Flies and bees hang around a marble statue. Look closer and you see the ant-sized fairies (incredibly crafted by Tessa Farmer) perching on their backs, spears in hand. An elegantly dressed woman poses in a pencil sketch – but her head is a horse’s. A magic lantern turns in a darkened room so the moths inside it seem to dance around the flame – it turns faster, on go the strobe lights and the whirring of the machine, the beating of the moths’ wings take on a terrifying intensity. Welcome to ‘Victoriana: the art of a revival’ – the first UK exhibition devoted solely to neo-Victorianism.

'Mother', Dan Hillier
This exhibition, at Guidlhall Art Gallery, displays a wide range of contemporary artists’ responses to the Victorian period – a range which is exciting for its breadth and modern relevance. Many of the artists featured revel in applying nineteenth-century techniques to very un-Victorian ideas.
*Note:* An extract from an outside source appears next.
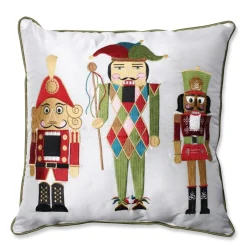 16.5" Red And Green Nutcrackers Christmas Square Throw Pillow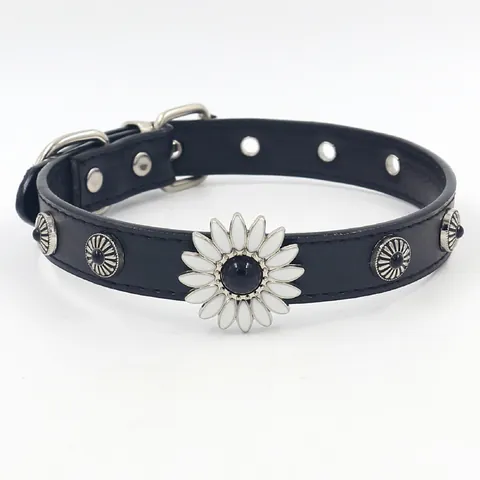Vintage PU Leather Choker Necklace Alloy Daisy Flower Turquoise Studded Rivets Punk Gothic Adjustable Neck Strap For Women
Carole Windham’s ceramic piece ‘Dearly Beloved’ dresses Nick Clegg as Queen Victoria, with David Cameron as his consort, in celebration of gay marriage. Yinka Shonibare’s photographic storyboard gives us a black Dorian Gray, questioning earlier ideals of beauty.

'Trophy Chair', Miss Pokeno
But much of what I enjoyed most was the engagement with Victorian aesthetic and technical ideas and obsessions  – a preoccupation with levers and mechanism (e.g. Simon Venus’s theatre), the exploration of the appeal and repulsion of taxidermy (see Miss Pokeno’s ‘Trophy Chair’) and the birth of advertising and its correspondingly ‘loud’ typography  (Otto Von Beach’s ‘Victoriana Alphabet’ is an intelligent treatment).

My favourite pieces were Mat Coliman’s magic lantern (mentioned above) for its use of technology unavailable to nineteenth-century inventers to enlarge on a Victorian invention, Kitty Valentine’s semi-bestial society portraits for their wonderful blend of the delicate and the macabre (including the pony girl, mentioned above) and Dan Hillier’s wonderful post-Freudian ‘Mother’ portrait (woman from the waist up, octopus below). I, perhaps predictably, had some reservations about the works which engaged directly with the literature of the period – I couldn’t help but feel the richness of Gilman Perkins’s The Yellow Wallpaper wasn’t really conveyed by a laser-cut lace dress and the Jane Eyre and Dorian Gray illustrations left me a little cold. But when it came to responding to visual trends in the Victorian period (including the mania for collection and the richness of interiors), these artists were intelligent and thought-provoking.

'Hare Princess', Kitty Valentine
The Victoriana exhibition runs at the Guildhall Art Gallery until 8th December and costs £7(5).